Jonas Bonér at JFokus 2013 - Building Scalable, Highly Concurrent & Fault-Tolerant Systems: Lessons Learned
One of my favorite sessions at Jfokus 2013 was presented by Typesafe co-founder and Java Champion Jonas Bonér. I always enjoy discussions about how technology evolves over the decades, how we break away from concepts, then sometimes weave our way back via the latest and greatest thing, which can sometimes appear strikingly similar to something that was very much in vogue a decade or so earlier. So, when I saw the session title "Building Scalable, Highly Concurrent & Fault-Tolerant Systems: Lessons Learned" and read the description, I was pretty sure I'd find the session quite interesting.
I did not come away disappointed! You can download the slides from the Jfokus site. Just scrolling through the slides is interesting in itself.

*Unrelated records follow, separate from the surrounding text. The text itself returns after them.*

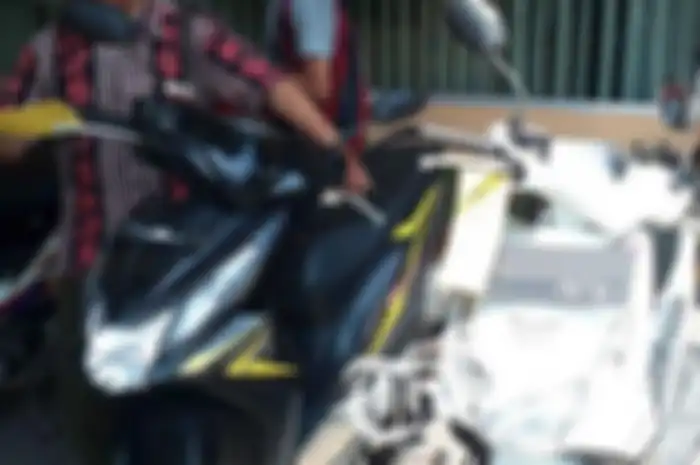 Barang bukti motor yang digelapkan Mundi Sasmito (40) warga Gubeng, Kota Surabaya yang nyamar jadi anggota polisi di Jember saat beraksi. 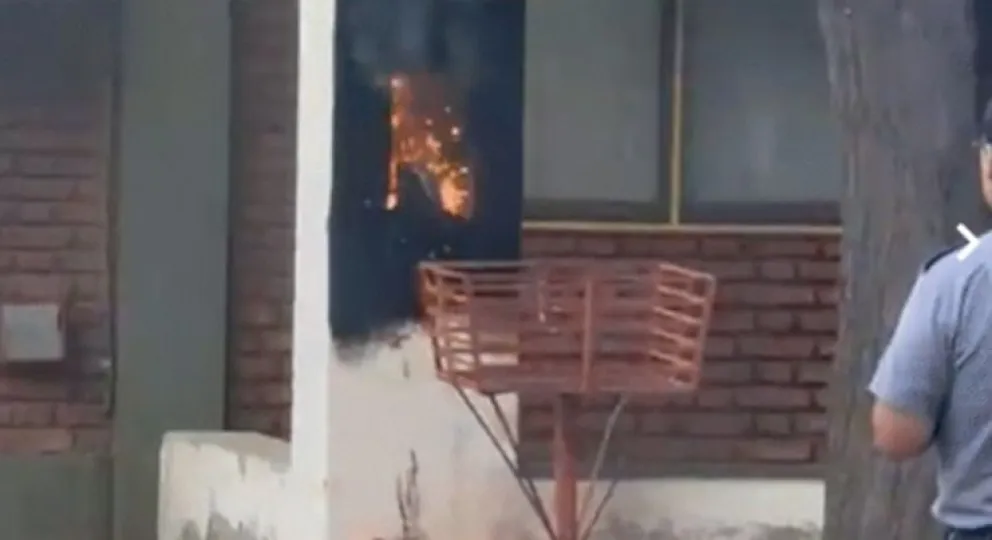 El desperfecto eléctrico se registró el lunes en la escuela 313 de Cipolletti. Foto gentileza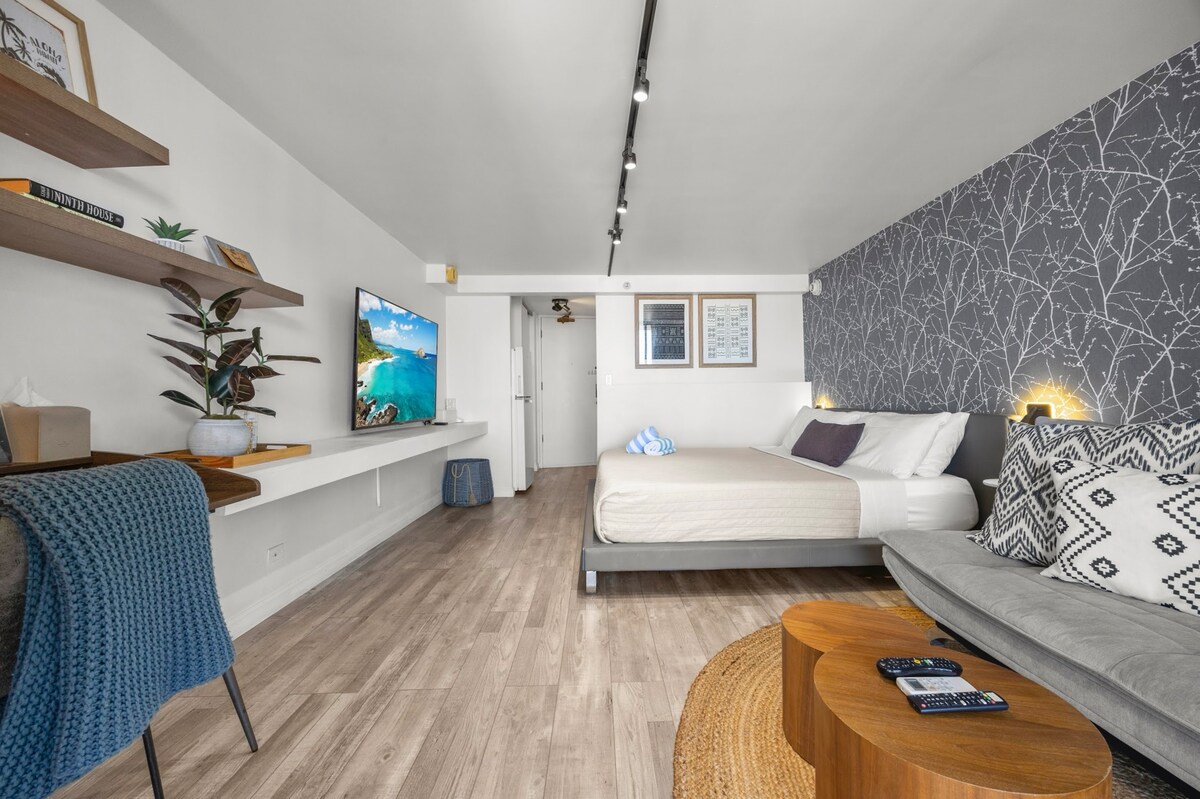 34F-Island Colony Studio-City/Partial Ocean Views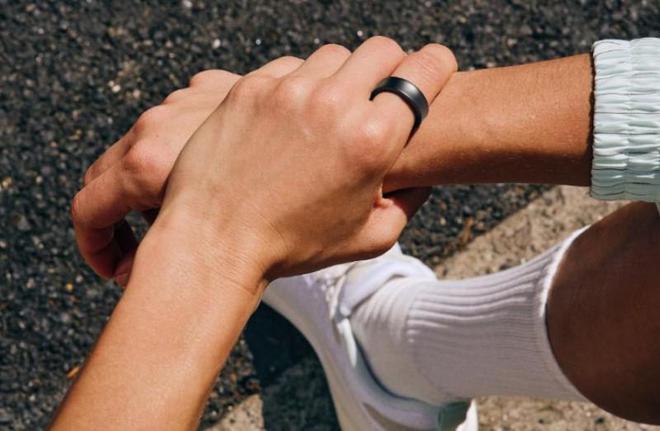 健康生活的优雅伴侣三星GalaxyRing智能戒指轻盈科技更带感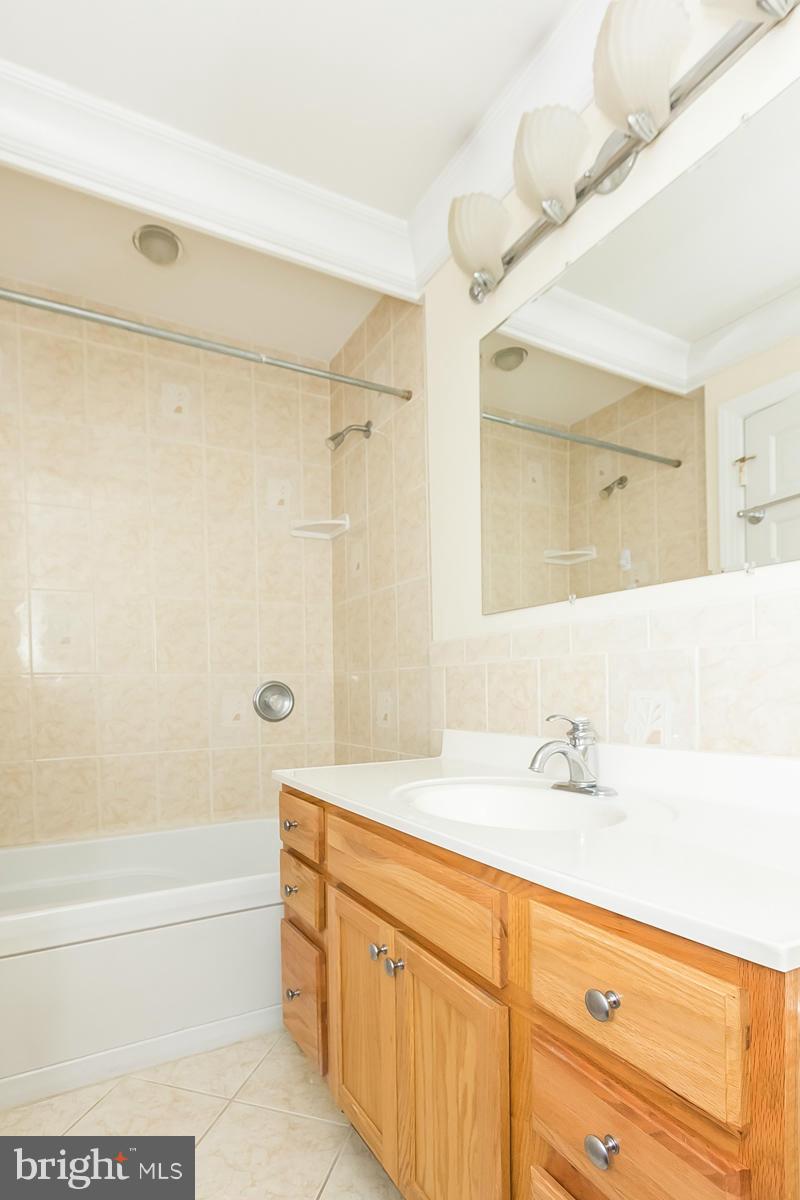 CANTON - Residential Lease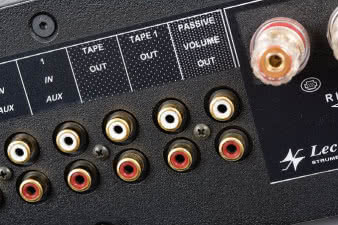 Aż dwie pętle dla
rejestratorów nie mają
dzisiaj mocnego uzasadnienia,
ale wyjście
z przedwzmacniacza
pozwoli w przyszłości
rozbudować system
o zewnętrzną
końcówkę mocy.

Jonas describes the lessons as having been learned through "Agony and Pain, lots of Pain" - if you've worked for a long time on any type of high throughput system that has to run on a 24/7 schedule, you probably know what Jonas means in saying this. And to have learned these lessons, you have to have been working on those types of systems for a long time, and seen "best practices" of one type soar high, only to be discarded 18 months later once everyone recognizes problems that turn the best practice into a "worst practice" under certain conditions (like, for example, when you have to scale).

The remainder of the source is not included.